Natural Language Processing Course


Over the first few months of this year I have been taking part in a mass online learning course in Natural Language Processing (NLP) run by Stanford University.  They publicised a group of eight courses at the end of last year and I didn't hesitate to sign up to the Natural Language Processing course knowing it would fit very well with things I'm working on in my professional role where I'm doing more and more with text analytics and continuing my work in speech to text.  There were others I could easily have signed up for too, things like security or machine learning, more or less all of them are relevant for something I'm doing.  However, given the time commitment required I decided to fully commit to one course and the NLP one was to be it.

I passed the course with a grade of 85% which was well above the required 70% pass mark.  However, the effort and time required to get there was way more than I was expecting and quite a lot more than the expected time the lecturers (Chris Manning and Dan Jurafsky) had said.  From memory it was an 8 week course with 10 hours a week required effort to complete the work. As it went on the amount of time required went up significantly, so rather than the 80 hours total I think I spent more like 1½ times that at over 120 hours!

There were four of us at work (that I know of) who embarked on the course but due to the commitment of time I've mentioned above only myself and Dale finished.  By the way, Dale has written an excellent post on the structure and content of the course so I'd suggest reading his blog for more details on that stuff, there's little point in me re-posting it as he's written such a good summary.

In terms of the participants on the course, it seems to have been quite a success for Stanford University - this is the first time they have run courses in this way it seems.  The lecturers gave us some statistics at a couple of strategic points throughout the course and it seems there were around 40,000 people registering an interest, of which around 5000 were watching the lecture material and around 2000 completed the course having taken part in the homework assignments.

I'm glad I committed as much as I did.  If I were one of the 5000 just watching the lectures and not doing the homework material I don't think I would have got as much out of it, but the added time required to complete the homework was significant so perhaps there's a trade-off here?  It's certainly the first time I've committed this much of my own personal time (it took over the lives of myself and Dale for quite a few weeks) as I was too busy at work to spend many business hours working on the course so it was all done in evenings and weekends.  That's certainly one piece of feedback I gave at the end of the course, Stanford could make the course timing more flexible but also allow more time for the course to be completed.
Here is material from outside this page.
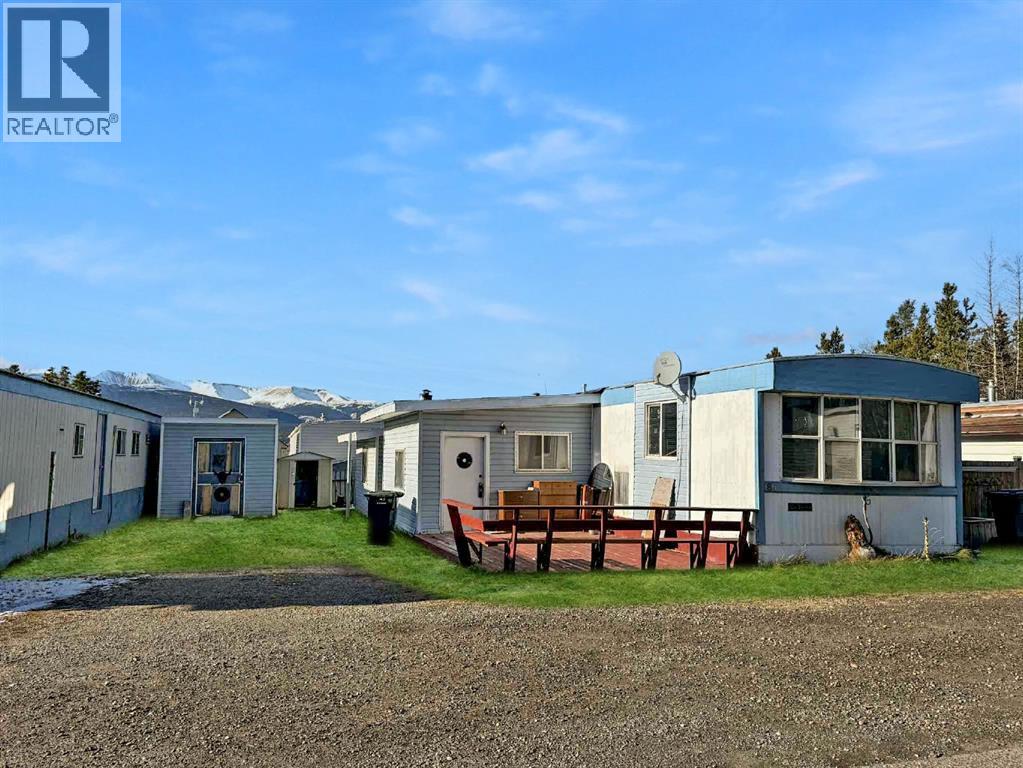 85 Shand Trailer Court, Grande Cache, Alberta  T0E 0Y0 - Photo 3 - A2269629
My experience with the way the assignments were marked was a little different to the way Dale has described in his post.  I was already very familiar with the concepts of test, development and held-out sets (three different sets of data used when training NLP systems) so wasn't surprised to see that the modules in the course didn't necessarily have an exact answer to them or more precisely that the code your wrote to perfectly analyse some data on your local system may not get full marks as it was marked against a different data set.  This may seem unfair but is common practice in all NLP system training that I know of.

All in all, an excellent course that I'm glad I did.  From what I hear of the other courses, they're not as deeply involved as the NLP course so I may well give another one a go in the future but for now I need to get a little of my life back and have a well earned rest from education.